Monday, 6 June 2011

Gardening on a slope


Dundee town has grown around the Law Hill, Balgay Hill and even Menzieshill, so there is a fair bit of steep slopes incorporated into housing development land.
The challenge of a sloping garden will vary according to the degree of severity, the type of soil and whether the slope runs towards the house or away from it. Slopes can create a dry garden by allowing surface water to run off it, or a flooding problem if you are at the bottom of a hill. Problems of steep sloping gardens are usually left by the builders for the house owner to solve. However if the slope is severe and runs towards the house the builder is most likely to have tackled any potential drainage problem which could affect the property.  However it is always a wise move to check the property to see if there is any history of flooding or water damage.
For every negative aspect of a slope there is always the positive side. You may be blessed with a burn that can create a fantastic water feature garden. A rock garden  is perfect on a well drained slope. Many plants look better if viewed from below e.g. Fuchsias, Lilies, Himalayan blue Poppies, and some better if viewed from above e.g. Tulips.
The slope allows terrific scope for gardening creativity in both soft and hard landscaping so take time to consider all aspects before getting the spade out.

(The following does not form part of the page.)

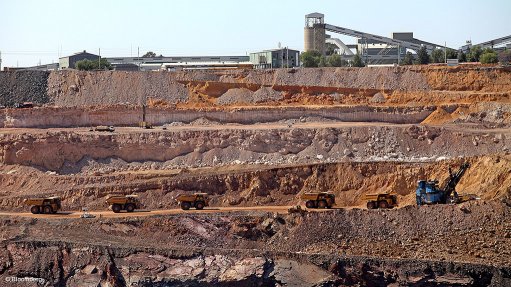 De Beers approves $1bn spending at Botswana mine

If your garden is at the bottom of a slope, surface water causing local flooding after heavy rainfall could be a problem. Wet soil may be indicated if you see a lot of moss, sedges or buttercups. It may be sufficient to cultivate deeply to allow water to percolate through the soil, but if the flooding risk is high consider some garden drainage. This could be a simple drainage system of perforated pipes under a gravel path leading to a decent sized soakaway. A more ambitious project may be necessary with professional advice needed on depth, type and size of perforated pipe, backfill material, extent of run and connection to an outlet. If using a surface water outlet the connections are critical and must be done properly incorporating a catchpit so that garden silt or debris can be filtered out in a sump to be cleaned out periodically.

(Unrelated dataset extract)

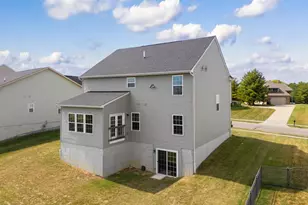 8158 Valley Crossing Dr, Colerain Township, OH 45247 - Photo 24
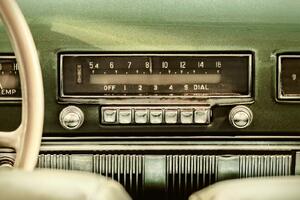 DIMEX | Vliesová fototapeta Rádio ve starém autě MS-5-2187 | 375 x 250 cm| zelená, černá, metalická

After drainage, good access must be incorporated into the design to allow for weeding, planting, pruning and wandering around enjoying the garden. There must be plenty of flattish areas to work from connected by a path network. Strategically placed large bushes and trees can help to hold onto to assist stability. Footpaths on very steep slopes are best with a handrail for safety.
A path system may be formal with slabs, bricks, and breezeblocks, or it can be sympathetic to the landscape with natural wood risers backfilled with course wood chips. A trip to a builders merchants yard who specialises in hard landscaping can give many ideas to work on.

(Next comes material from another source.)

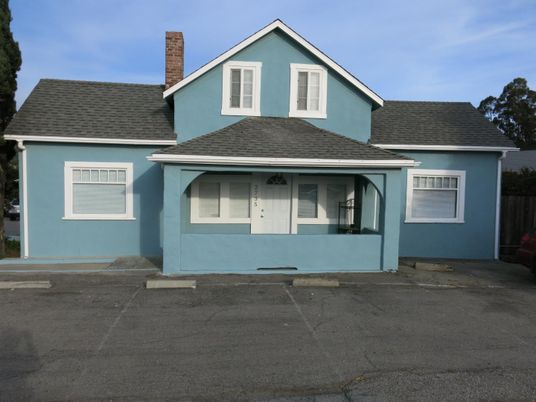 Exterior, Facade, Ranch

Retaining Walls and Terracing

Really steep banks may require retaining walls next to footpaths, but terracing with large rocks will give a more natural appearance. Good quality natural stone can often be acquired from builders yards if they have been doing any demolition of old buildings, or it may be purchased from a local quarry. The size of the job will determine whether it is done in house or whether a bricky or stone mason is employed. There are plenty of excellent dry stone wall builders who can create an attractive wall with strength. If cost is a factor breezeblocks can be used for speed and strength. Their formal appearance can be softened with ground cover plants allowed to trail over the edge.
Make sure any walls are strong enough to retain the bank for at least 50 years and provide weep holes for drainage.
Terracing is very useful to break the bank into a series of flat areas held up by as big rocks as you can find. During garden maintenance you will want to scramble over these rocks without fear of them toppling over, so size is important. A JCB may be needed to move big rocks around. Try to create a series of natural looking rock faces with the rocks relating to each other. Bury at least two thirds below ground. Create a series of plateaux  by cut and fill over the slope.


This can be an important option to create a flat patio adjacent to the house on a steep bank. Often there will be space left below the decking as the slope falls away. This is useful for storing garden tools or given over to the kids as a den to play in. Much safer than a tree house.
 Make sure your patio enjoys plenty of sunshine, some privacy and shelter from winds. Decking has been in fashion for a few years now, so there is plenty of information on materials, construction methods and maintenance of the wood. Make sure it is strong, the wood is well preserved and the design safe.

Plants for soil stabilisation

Once the slope has been hard landscaped, the planting can now be thought out. Terraced slopes and walls allow a fair bit of easy planting at waist height, so these areas can be more intensively gardened. Other areas of steep slope may be better with permanent planting, choosing plants that can hold the soil together to prevent any erosion.
I garden on several very steep banks with a fair degree of walls and terracing. Over time some plants prove much better than others in binding the soil surface together.
My favourites include Flag Iris, Delosperma, heathers, London Pride, Euonymous, variegated ivy, numerous dwarf spreading conifers, Shasta daisies, fuchsias, rhododendrons, azaleas and hostas.
For the larger garden use philadelphus, saskatoons, ceanothus, viburnums, kerria and cornus.
It always helps if bulbs can be interplanted as they can be very good at naturalizing. Bluebells and grape hyacinths are some of the best.